Il suo desiderio di proiettare all'esterno entità e simboli vitali, con la predisposizione di una trance-fauve, di tumultuoso trasporto espressivo, di vivace componente umana di energia liberata autonomamente dal profondo principio trascendente un io inconscio, per cui il colore diventa icona-missile, senza distinzione fra pittura e segno, anzi di segno graffiante, di effusivi evocativi cosmi dimensionali in combustione inestinguibile, travolti dal caos primordiale, caleidoscopi fauves di ritrattismo antropomorfo, che si intrecciano e si sfiorano fra loro, quasi sospesi nello spazio di un invisibile bacinetto igneo dell' introspettivo inconscio umano, sottratti alla forza di gravità.
Queste figure e altre, cariche di simboli ancestrali, recuperano l'empito espressionista di un Emili Nold e l'eco metamorfico ribelle di un Paul Klee, e si ricollegano a componenti affabulanti di mondi, in tipologie e loro forme di interazione, all'estremo confine di arte cinetica, le cui scene si fondono dialetticamente fino al precipitato morfologico di un'arte multimediale.

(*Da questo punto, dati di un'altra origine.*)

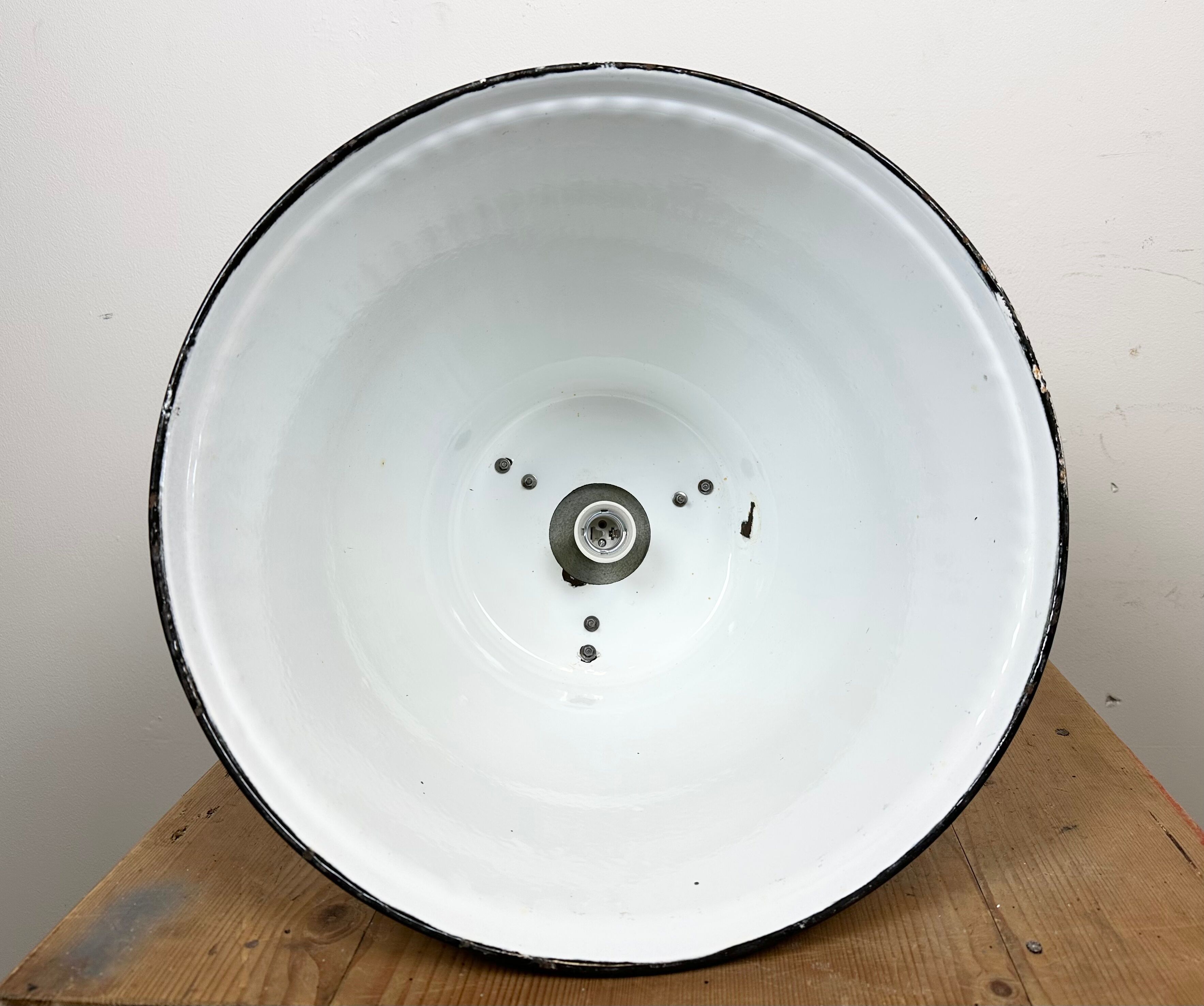 Industrial Black Enamel Factory Pendant Lamp, 1960s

Evidenziano la volontà di comunicare mediante la volontà di una trance istintiva, attraverso un racconto che ha fatto tesoro di una tradizione degli antichi testi, ad icone ieratiche spinte ai limiti dell'astrazione informale, ad uno psichismo esasperato, proiettato con forte esigenza plastica di superficie sull'opera, trasmettendo al fruitore attento ma attonito, che spesso subisce uno spiazzamento di coscienza, per la codificazione di iconografie concomitanti e di contaminazioni che investono sia gli aspetti informali che tecnici, un pathos che non viene mai meno.

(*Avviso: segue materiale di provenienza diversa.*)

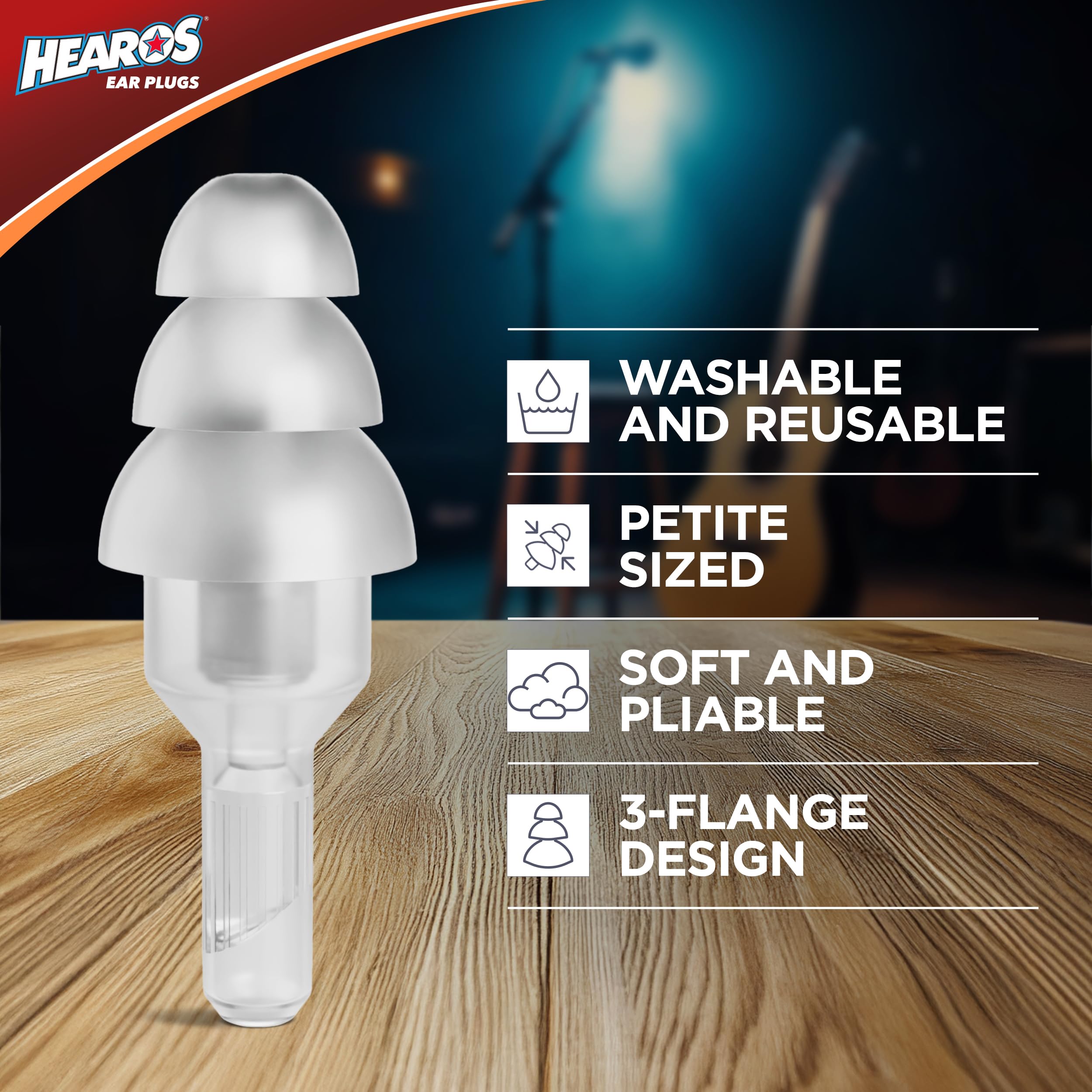 Hearos High Fidelity ear plugs transparent stems blend with skin for invisibility.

Tra l'altro, indicativa è The Michael's Gate 2007. Ed un coacervo rappresentativo di energie cosmiche endogene, espressive di entità astratte che le abitano, che si manifestano e comunicano attraverso il colore, (2009) di cui ogni elemento strutturale, come guizzo segnico-cromatico di una fiammata inestinguibile, evidenzia il proposito di collegare il passato con il futuro, verso un'ascesi laica da ogni presupposto letterario, abitata da considerevoli apparizioni
affacciate e riflesse quindi dal pennello alchimista del Di Benedetto. In cui l'Universo totale (oggettivo e intersoggettivo-inconscio), riacquista il suo stupore e la sua luce originaria.
Pittura senza nessuna concezione concretista ha scelto nell'esprimersi, e dunque diventare una pittura filosofica per di svelare al meglio le sue nature; da tutto questo, trae energia di sé, una forte energia esplosiva come un ultimo spasmo, come il plasma di un vulcano ... prima di spegnersi: è ora. L'esperienza di Gilberto è sufficientemente profonda da essere conservata, finche non cade come in sogno. Immagini che potrebbero definirsi astrattamente come mezzo di estrinsecazione tra angeli e uomini. Ma che volta a volta potrebbero assumere concretamente, a seconda dell'associazione mentale, richiamata come apparenti, castelli di sabbia, feticismo, qualcosa di apparentemente inanimato, volto a sostituire reali scambi tra il giardino dell'ombra che abita in noi, e la capacità di stare in mezzo alle incertezze, ai misteri, e ai dubbi ... Come quella di stare accanto agli altri e a noi stessi, senza muoversi, accettando di non capire e che l'altro sia quello che è. Come per la musica, l'abbaglio per un solista é dilatare il proprio ego, dimenticando che la partitura è opera. Come modello e modulo di inquietudini, non basta esistere, bisogna avere una.
La solitudine fa crescere la paura e ci inventiamo persino nemici comuni per credere di essere uniti e solidali.
Preferiamo un encefalogramma piatto ai sussulti di un cuore. Il cerchio a noi si stringe, lo abbiamo stretto fino a isolarci. E rimaniamo soli, e sempre più. La solitudine ci ha ridotti a una vita vuota senza pensiero. Una politica dell'esistere che non scalda il cuore, che non spinge le persone a unirsi, ma le divide, una per una con l'indifferenza.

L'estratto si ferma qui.